WORK ITEM:
Output exactly, and only, the lines below from the one with "Snowracer kælk med rat i Blå" down to the one with "vidaXL Ripiano a". Include both end lines and no pictures.

GIVEN DATA:
——
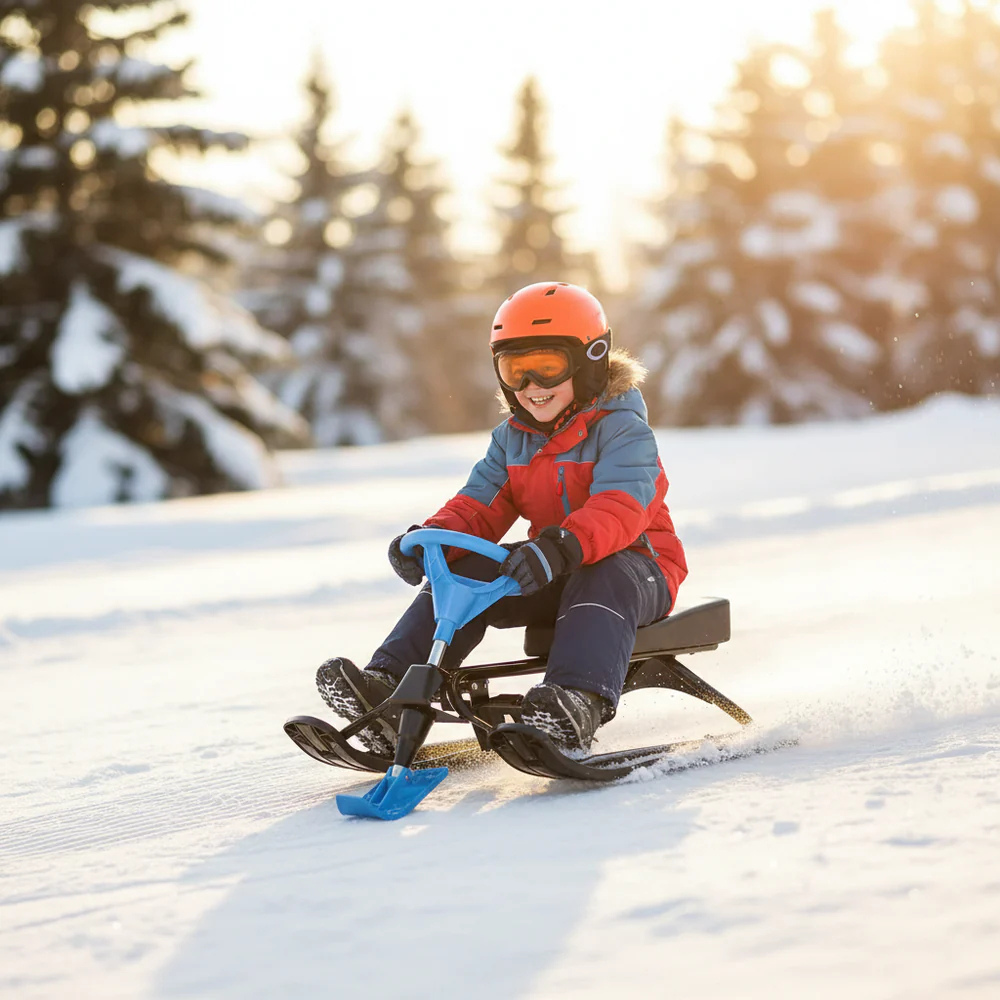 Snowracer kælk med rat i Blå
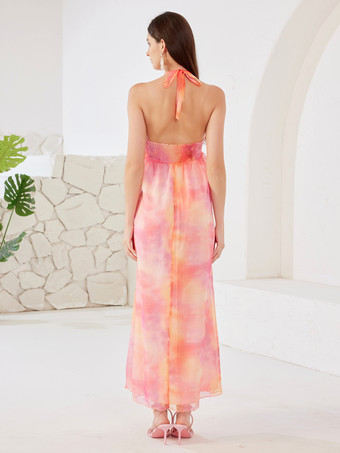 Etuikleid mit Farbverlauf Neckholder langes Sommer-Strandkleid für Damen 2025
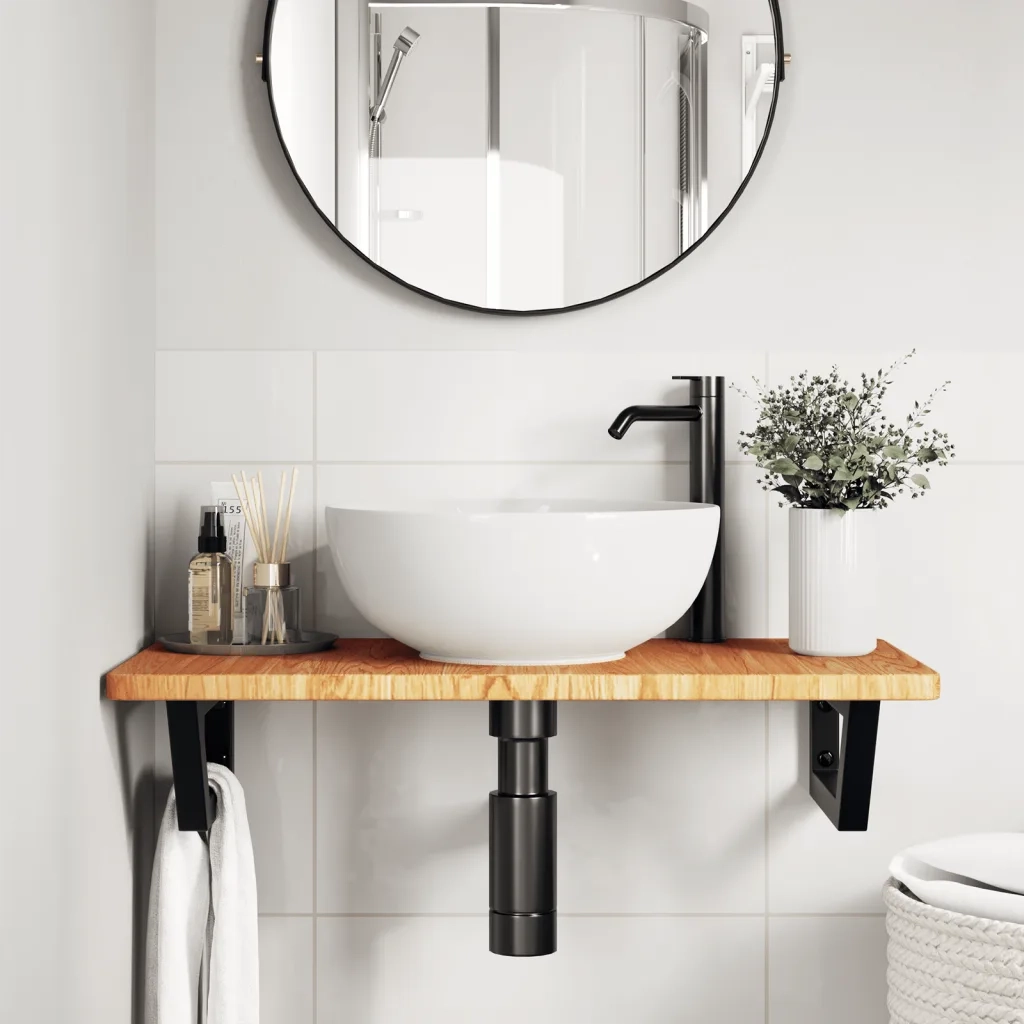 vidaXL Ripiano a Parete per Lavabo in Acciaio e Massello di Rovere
——
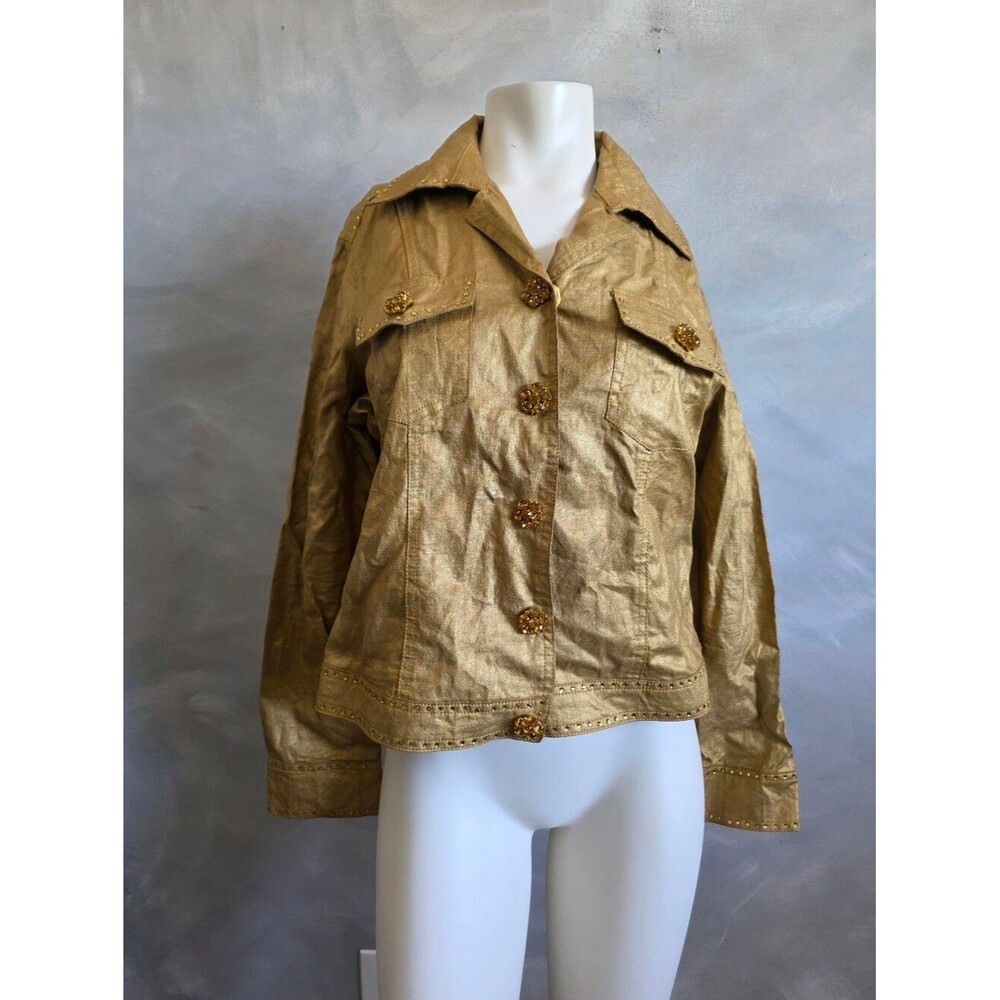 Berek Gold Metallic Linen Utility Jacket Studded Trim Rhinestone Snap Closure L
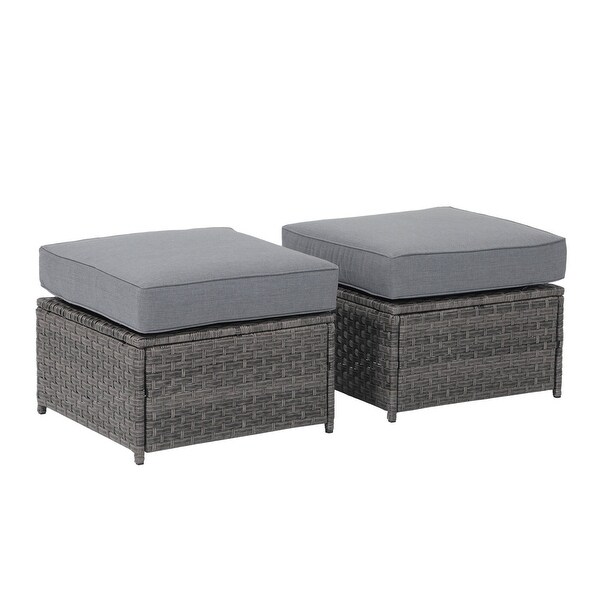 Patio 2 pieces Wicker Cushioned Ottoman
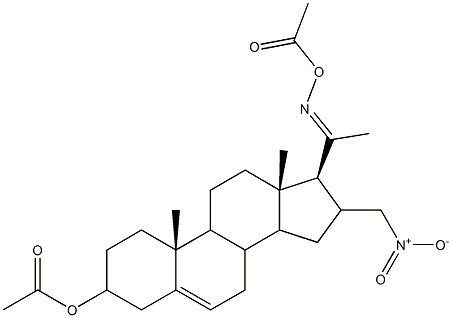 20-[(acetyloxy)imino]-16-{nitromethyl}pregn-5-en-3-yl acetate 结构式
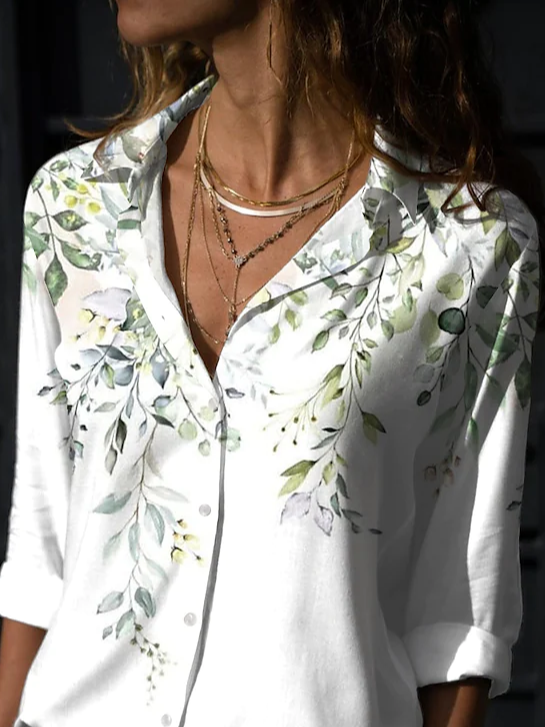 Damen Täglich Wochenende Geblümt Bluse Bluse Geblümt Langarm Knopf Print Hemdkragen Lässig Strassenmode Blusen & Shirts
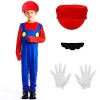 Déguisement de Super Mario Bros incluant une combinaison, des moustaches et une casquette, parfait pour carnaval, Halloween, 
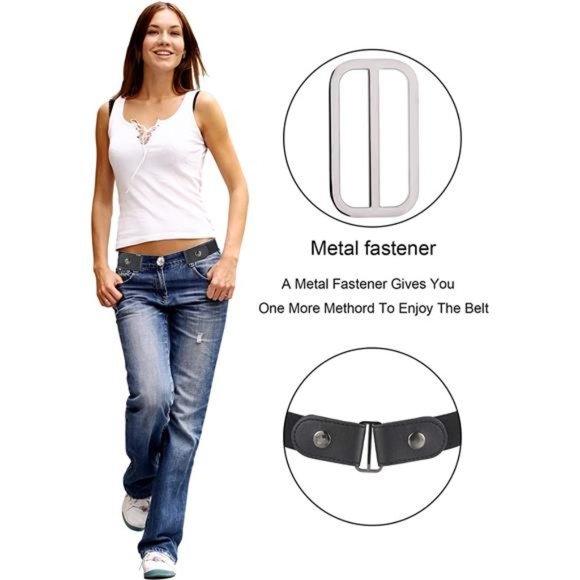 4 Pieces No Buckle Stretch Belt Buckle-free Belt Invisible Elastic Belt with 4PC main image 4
——
ANSWER TO THIS PROBLEM:
 Snowracer kælk med rat i Blå
 Etuikleid mit Farbverlauf Neckholder langes Sommer-Strandkleid für Damen 2025
 vidaXL Ripiano a Parete per Lavabo in Acciaio e Massello di Rovere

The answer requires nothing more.